The superior education reform project proposed by the government of Juan Manuel Santos and María Fernanda Campo, its education minister, wanted to modify the #30 law of 1992 which organizes the superior education in Colombia. The project was first presented to some colleges' rectors on march 10 of 2011 and was popularized the next months in college community. The project wasn't well received by educative union since it didn't guarantee to universities the necessary resources for its good development.

Profit Universities[edit]

Between 2001 and 2010, three million six hundred thousand high school graduated students couldn't take superior studies. In order to fix this problem, the reform proposed to create new superior education profit institutions. It was the most controversial point of the project. The university community argued that, in others countries as Brasil, which already introduced this model, the quality of the education remarkably decreased although the range has increased. Multiple protests were made against the profit universities proposal, one of them the April 7th massive protest. Because of these protests, the government abandoned the idea of profit colleges on August 23. However, the college community was against the whole reform.

College credits[edit]

The reform considered an increase on the college credits investment through the Instituto Colombiano de Crédito and ICETEX. Credits which would be returned when students end their studies and get a job, all with the possibility of a debt forgiveness if excellent grades would be achieved. Since only private universities accept credit students, college community criticized that point because, in its opinion, it would harm the public education.

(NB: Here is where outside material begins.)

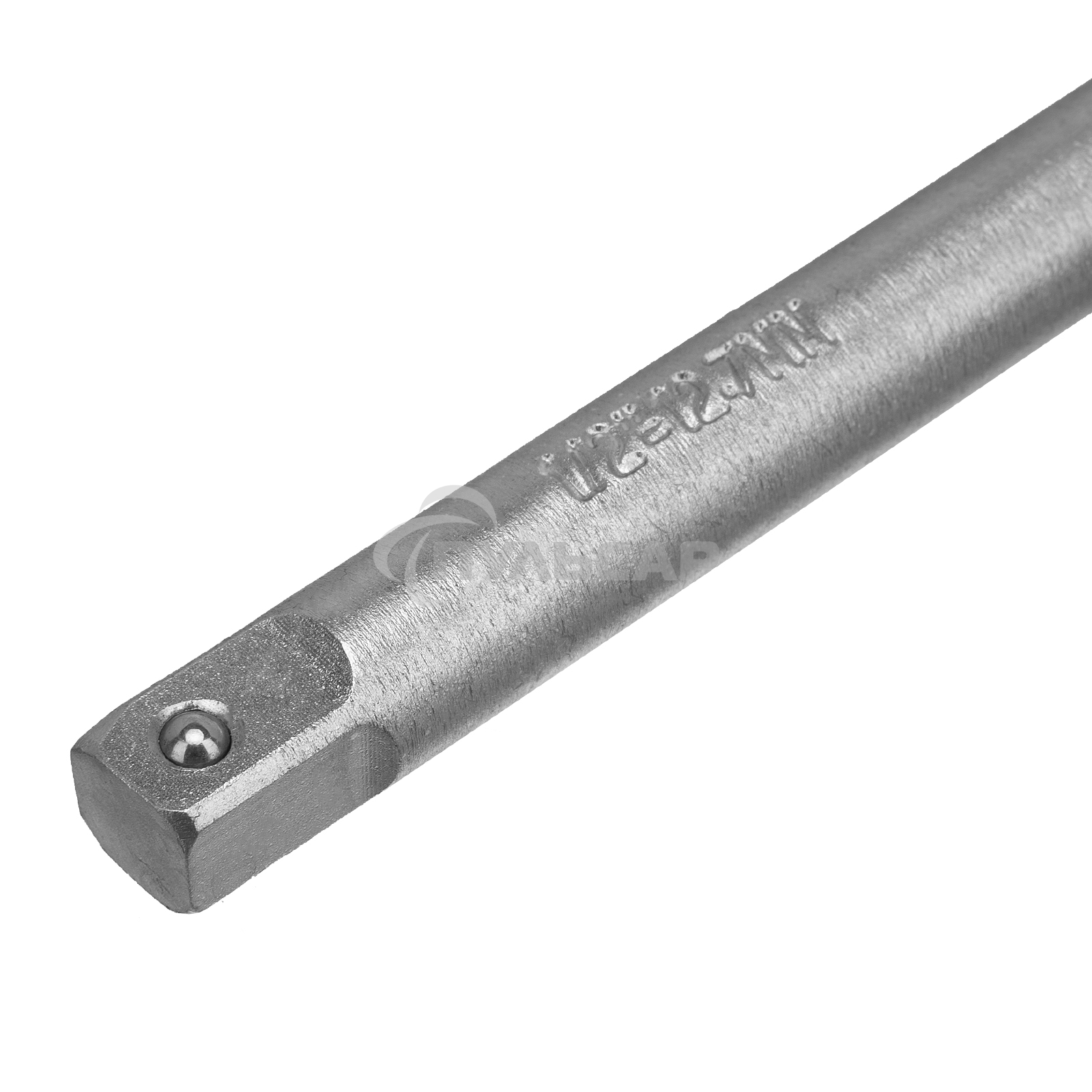 Ключ-крест баллонный Matrix, 17 х 19 х 21 мм, под квадрат 1/2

The April 7th protest[edit]

Students marching on April 7, 2011 against the proposed education reform

The first massive protest of unions, masters and students was on April 7th of 2011 during the Juan Manuel Santos' government. The protesters demanded a master's, pensioner's and employee's salary raise and an improvement on working and union rights. Also, they rejected the above-mentioned superior education reform among other reforms such as some companies privatization. The protests were made on national territory and had a great participation: every public university, some private universities, the Organización Colombiana de Estudiantes (OCE), the Federación de Estudiantes Universitarios (FEU) and a lot of more education unions.